Index believes that speech and expression should be curbed only when it incites violence. Defending this position is not easy. It means you find yourself having to defend the speech rights of religious bigots, racists, misogynists and a whole panoply of people with unpalatable views. But if we don’t do that, why should the rights of those who speak out against such people be defended?
In 2016, if we are to defend free expression we need to do a few things. Firstly, we need to stop banning stuff. Sometimes when I look around at the barrage of calls for various people to be silenced (Donald Trump, Germaine Greer, Maryam Namazie) I feel like I’m in that scene from the film Lock, Stock and Two Smoking Barrels where a bunch of gangsters keep firing at each other by accident and one finally shouts: “Could everyone stop getting shot?” Instead of demanding that people be prevented from speaking on campus, debate them, argue back, expose the holes in their rhetoric and the flaws in their logic.

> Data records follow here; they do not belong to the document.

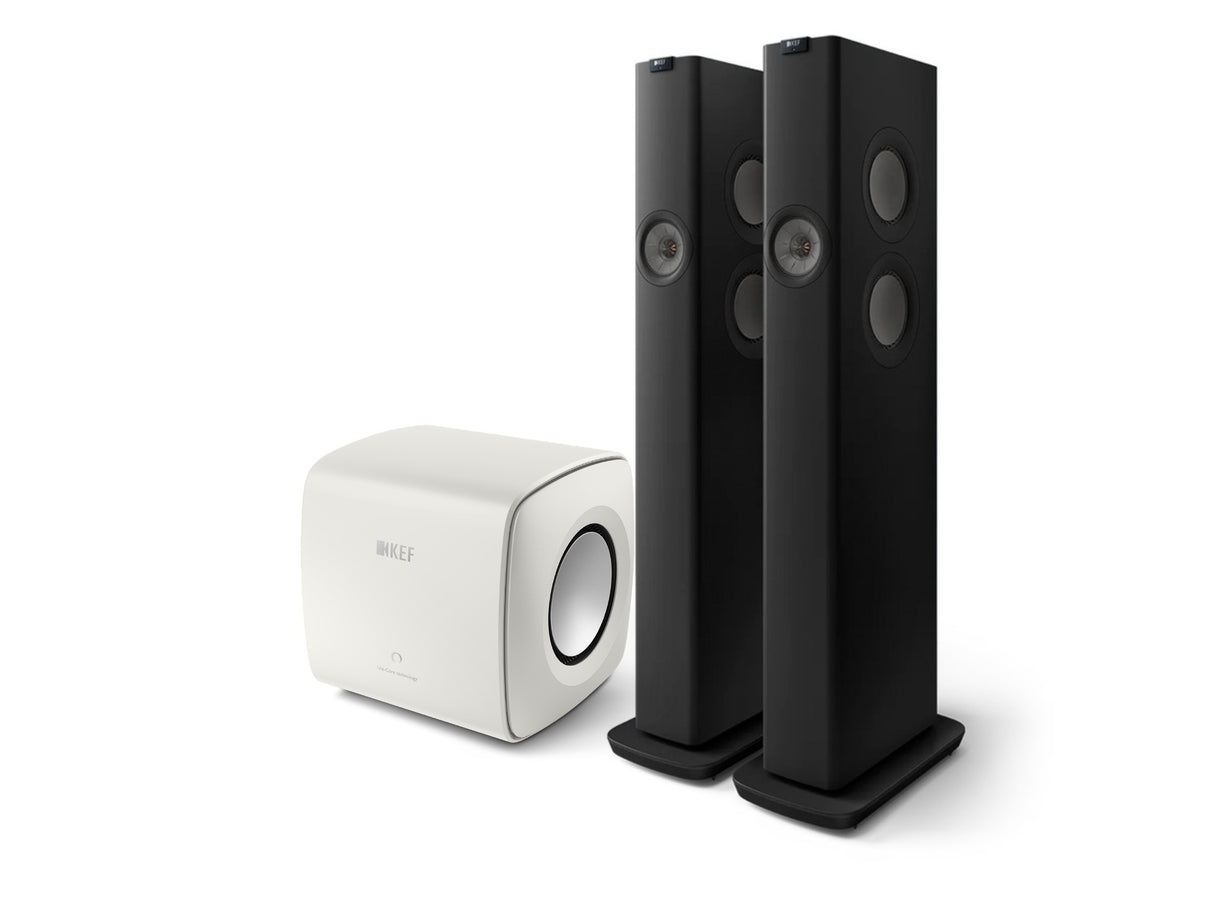 Kef LS60 Wireless + KC62 Subwoofer Wireless Speaker System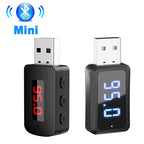 Bluetooth 5.4 Car Transmitter Receiver
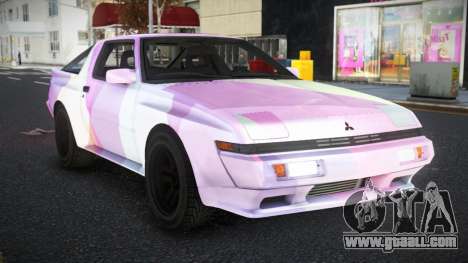 Mitsubishi Starion Najen S12 for GTA 4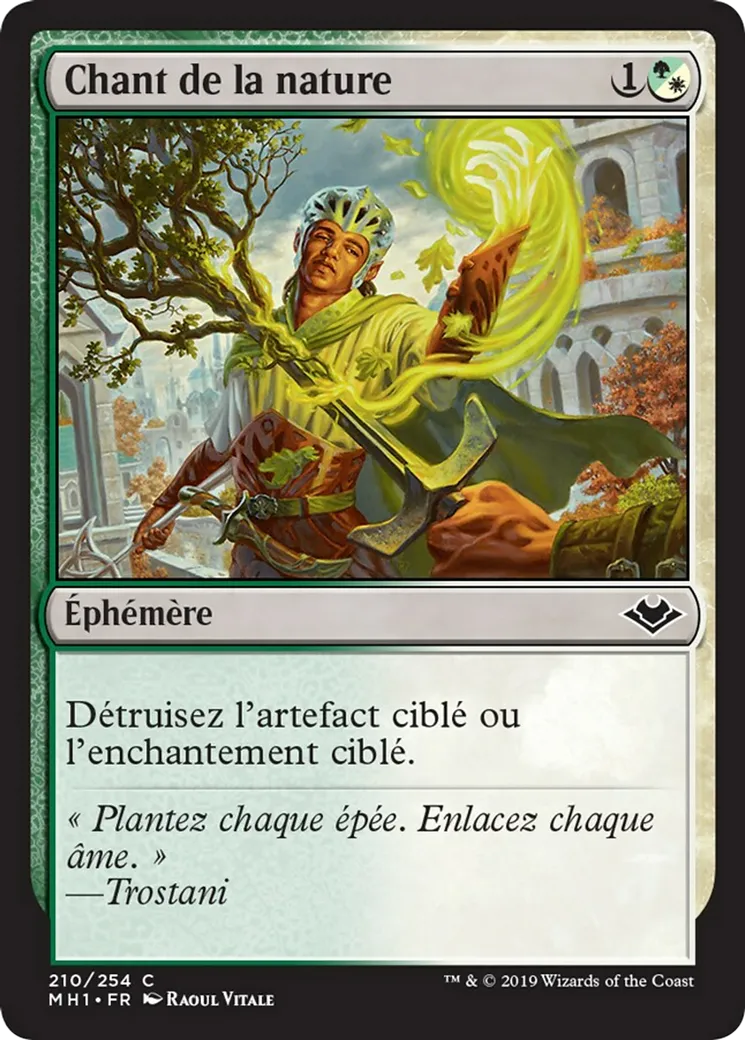 Chant de la nature — Modern Horizons — Magic: The Gathering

Secondly, we need to give people the tools for that fight. If you believe as I do that the free flow of ideas and opinions – as opposed to banning things – is ultimately what builds a more tolerant society, then everyone needs to be able to express themselves. One of the arguments used often in the wake of Charlie Hebdo to potentially excuse, or at least explain, what the gunmen did is that the Muslim community in France lacks a voice in mainstream media. Into this vacuum, poisonous and misrepresentative ideas that perpetuate stereotypes and exacerbate hatreds can flourish. The person with the microphone, the pen or the printing press has power over those without.
It is important not to dismiss these arguments but it is vital that the response is not to censor the speaker, the writer or the publisher. Ideas are not challenged by hiding them away and minds not changed by silence. Efforts that encourage diversity in media coverage, representation and decision-making are a good place to start.
Finally, as the reaction to the killings in Paris in November showed, solidarity makes a difference: we need to stand up to the bullies together. When Index called for republication of Charlie Hebdo’s cartoons shortly after the attacks, we wanted to show that publishers and free expression groups were united not by a political philosophy, but by an unwillingness to be cowed by bullies. Fear isolates the brave – and it makes the courageous targets for attack. We saw this clearly in the days after Charlie Hebdo when British newspapers and broadcasters shied away from publishing any of the cartoons featuring the Prophet Mohammed. We need to act together in speaking out against those who would use violence to silence us.
As we see this week, threats against freedom of expression in Europe come in all shapes and sizes. The Polish government’s plans to appoint the heads of public broadcasters has drawn complaints to the Council of Europe from journalism bodies, including Index, who argue that the changes would be “wholly unacceptable in a genuine democracy”.
In the UK, plans are afoot to curb speech in the name of protecting us from terror but which are likely to have far-reaching repercussions for all. Index, along with colleagues at English PEN, the National Secular Society and the Christian Institute will be working to ensure that doesn’t happen. This year, as every year, defending free speech will begin at home.